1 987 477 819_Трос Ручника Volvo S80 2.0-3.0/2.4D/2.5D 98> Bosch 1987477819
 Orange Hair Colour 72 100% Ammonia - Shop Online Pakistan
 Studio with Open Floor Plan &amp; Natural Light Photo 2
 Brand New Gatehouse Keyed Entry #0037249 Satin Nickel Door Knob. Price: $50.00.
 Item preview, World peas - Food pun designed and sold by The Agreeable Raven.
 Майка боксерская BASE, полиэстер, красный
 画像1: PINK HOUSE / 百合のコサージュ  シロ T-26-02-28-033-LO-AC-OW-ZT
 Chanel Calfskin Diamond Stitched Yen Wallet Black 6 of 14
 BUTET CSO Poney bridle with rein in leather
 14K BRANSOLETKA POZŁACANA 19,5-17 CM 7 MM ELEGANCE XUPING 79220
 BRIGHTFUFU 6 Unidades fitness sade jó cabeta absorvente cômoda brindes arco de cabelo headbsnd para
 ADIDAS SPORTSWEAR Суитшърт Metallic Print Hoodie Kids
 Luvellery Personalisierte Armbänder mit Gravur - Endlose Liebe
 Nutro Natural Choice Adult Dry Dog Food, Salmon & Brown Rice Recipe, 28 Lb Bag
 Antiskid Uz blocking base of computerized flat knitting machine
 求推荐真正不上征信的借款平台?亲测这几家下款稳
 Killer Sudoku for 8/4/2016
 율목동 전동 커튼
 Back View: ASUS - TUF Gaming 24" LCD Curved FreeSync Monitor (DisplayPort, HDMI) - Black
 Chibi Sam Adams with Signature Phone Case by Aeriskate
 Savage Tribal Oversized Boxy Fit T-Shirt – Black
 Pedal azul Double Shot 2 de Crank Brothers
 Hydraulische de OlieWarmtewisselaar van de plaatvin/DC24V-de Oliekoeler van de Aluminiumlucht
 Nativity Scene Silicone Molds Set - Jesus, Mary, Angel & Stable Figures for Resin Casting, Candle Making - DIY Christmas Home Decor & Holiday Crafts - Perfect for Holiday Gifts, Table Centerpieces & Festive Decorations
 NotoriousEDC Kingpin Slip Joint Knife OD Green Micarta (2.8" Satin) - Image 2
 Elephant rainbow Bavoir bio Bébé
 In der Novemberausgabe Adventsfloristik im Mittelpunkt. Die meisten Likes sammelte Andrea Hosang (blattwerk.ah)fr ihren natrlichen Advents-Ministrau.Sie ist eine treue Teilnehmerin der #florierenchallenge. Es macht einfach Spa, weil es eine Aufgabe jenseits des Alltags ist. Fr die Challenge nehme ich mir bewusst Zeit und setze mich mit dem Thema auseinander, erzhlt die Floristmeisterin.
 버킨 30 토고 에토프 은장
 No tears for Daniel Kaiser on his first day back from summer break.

━━━━━━━━━━━━━━━━━━━━

◆ **What the task requires**: Return the listing. Match it exactly.

◆ **Output of the task**:
1 987 477 819_Трос Ручника Volvo S80 2.0-3.0/2.4D/2.5D 98> Bosch 1987477819
 Orange Hair Colour 72 100% Ammonia - Shop Online Pakistan
 Studio with Open Floor Plan &amp; Natural Light Photo 2
 Brand New Gatehouse Keyed Entry #0037249 Satin Nickel Door Knob. Price: $50.00.
 Item preview, World peas - Food pun designed and sold by The Agreeable Raven.
 Майка боксерская BASE, полиэстер, красный
 画像1: PINK HOUSE / 百合のコサージュ  シロ T-26-02-28-033-LO-AC-OW-ZT
 Chanel Calfskin Diamond Stitched Yen Wallet Black 6 of 14
 BUTET CSO Poney bridle with rein in leather
 14K BRANSOLETKA POZŁACANA 19,5-17 CM 7 MM ELEGANCE XUPING 79220
 BRIGHTFUFU 6 Unidades fitness sade jó cabeta absorvente cômoda brindes arco de cabelo headbsnd para
 ADIDAS SPORTSWEAR Суитшърт Metallic Print Hoodie Kids
 Luvellery Personalisierte Armbänder mit Gravur - Endlose Liebe
 Nutro Natural Choice Adult Dry Dog Food, Salmon & Brown Rice Recipe, 28 Lb Bag
 Antiskid Uz blocking base of computerized flat knitting machine
 求推荐真正不上征信的借款平台?亲测这几家下款稳
 Killer Sudoku for 8/4/2016
 율목동 전동 커튼
 Back View: ASUS - TUF Gaming 24" LCD Curved FreeSync Monitor (DisplayPort, HDMI) - Black
 Chibi Sam Adams with Signature Phone Case by Aeriskate
 Savage Tribal Oversized Boxy Fit T-Shirt – Black
 Pedal azul Double Shot 2 de Crank Brothers
 Hydraulische de OlieWarmtewisselaar van de plaatvin/DC24V-de Oliekoeler van de Aluminiumlucht
 Nativity Scene Silicone Molds Set - Jesus, Mary, Angel & Stable Figures for Resin Casting, Candle Making - DIY Christmas Home Decor & Holiday Crafts - Perfect for Holiday Gifts, Table Centerpieces & Festive Decorations
 NotoriousEDC Kingpin Slip Joint Knife OD Green Micarta (2.8" Satin) - Image 2
 Elephant rainbow Bavoir bio Bébé
 In der Novemberausgabe Adventsfloristik im Mittelpunkt. Die meisten Likes sammelte Andrea Hosang (blattwerk.ah)fr ihren natrlichen Advents-Ministrau.Sie ist eine treue Teilnehmerin der #florierenchallenge. Es macht einfach Spa, weil es eine Aufgabe jenseits des Alltags ist. Fr die Challenge nehme ich mir bewusst Zeit und setze mich mit dem Thema auseinander, erzhlt die Floristmeisterin.
 버킨 30 토고 에토프 은장
 No tears for Daniel Kaiser on his first day back from summer break.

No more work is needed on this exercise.